0

I have a (Ruby on Rails 4) app and using a postgresql query that basically look into a Opportunity table, search randomly among the rows those where opportunity is 'available=true' and update these selected rows with ' available = false'. Each time a user clicks on 'try an opportunity' the app uses the query below.

UPDATE opportunities s
SET    opportunity_available = false
FROM  (
   SELECT id
   FROM   opportunities
   WHERE  deal_id = #{@deal.id}
   AND    opportunity_available
   AND    pg_try_advisory_xact_lock(id)
   LIMIT  1
   FOR    UPDATE
   ) sub
WHERE     s.id = sub.id
RETURNING s.prize_id, s.id;
// inspired by https://stackoverflow.com/questions/33128531/put-pg-try-advisory-xact-lock-in-a-nested-subquery

I've been struggling for 5 days but I have managed to understand now roughly how it's behaving (badly): now I need to know how to change it.

Indeed, the app "becomes a little crazy" and select (and update the row) exactly by the latest I updated.
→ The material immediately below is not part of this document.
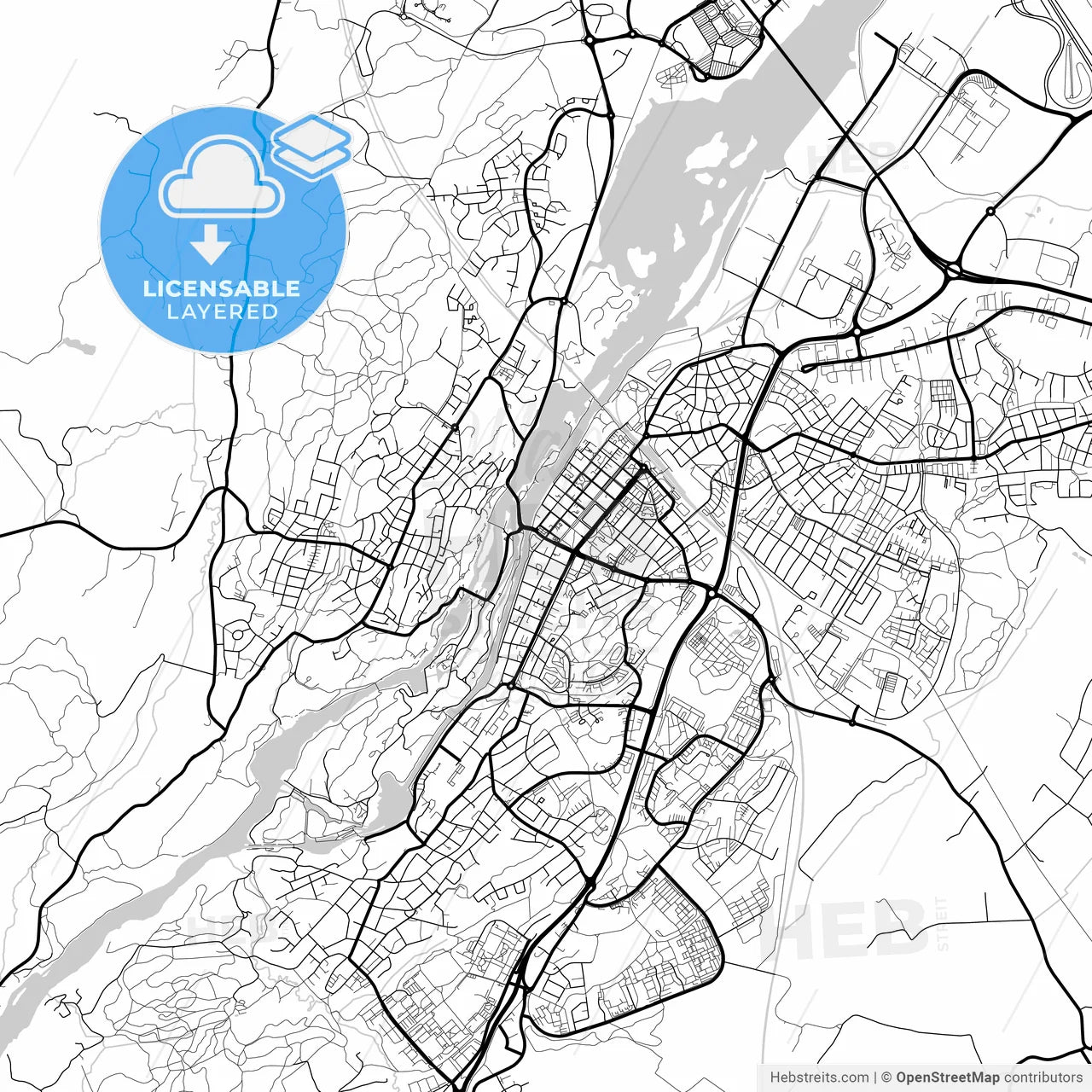 Layered PDF map of Trollhättan, Sweden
Let me be clear on my process on how I create these opportunities

  • I as admin create 20 opportunities (rows) via my app as an admin

  • then in my admin panel, I create a prize which a quantity let's say prize id =45 with quantity = 4. the app will go in Opportunity table and fill randomly (this part works perfectly) 4 rows with prize_id= 45.
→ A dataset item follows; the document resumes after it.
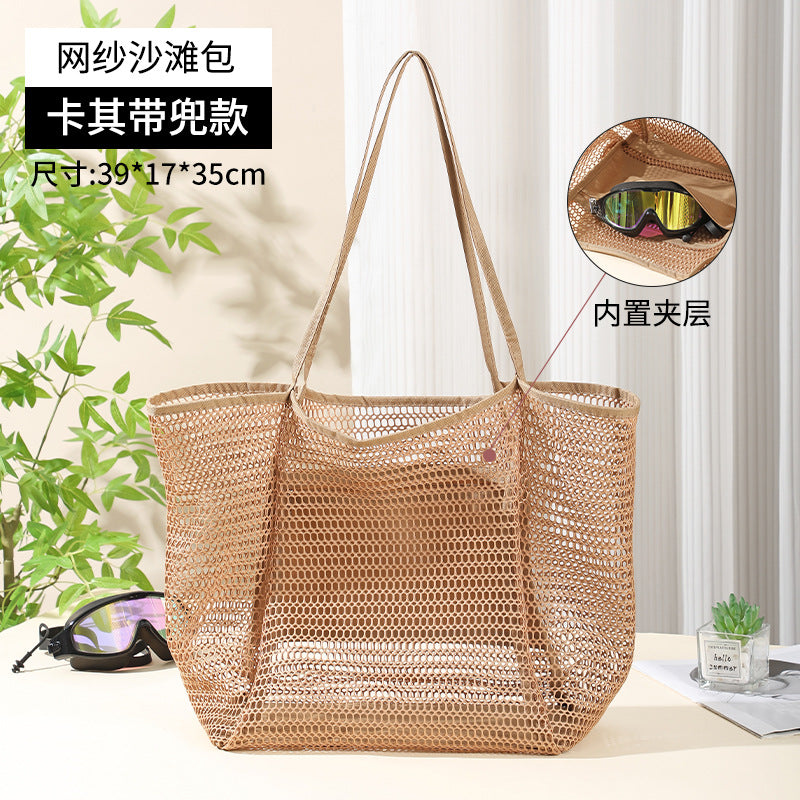 Portable Portable Beach Bag Travel Bag Sandwich Grid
Now a user runs the app and as explained above, the app will not choose randomly a row but will begin always by the latest updated: it seems the takes one of the row with a prize, then another with a prize, then another and never those without prizes (with prized_id= empty)...

Now I made some manual experiments: I tried manually change the values on my table (via pgadmin), the weirdest thing happen: if I modify row 32, then row 45, then row 67, when the user tries to play again, guess what, the lines that are picked randomly are exactly the ones I updated in the reverse order: it will pick line 67 then line45 then line 32.. It won't even consider the other rows that could be chosen (all the others opportunities where available= true).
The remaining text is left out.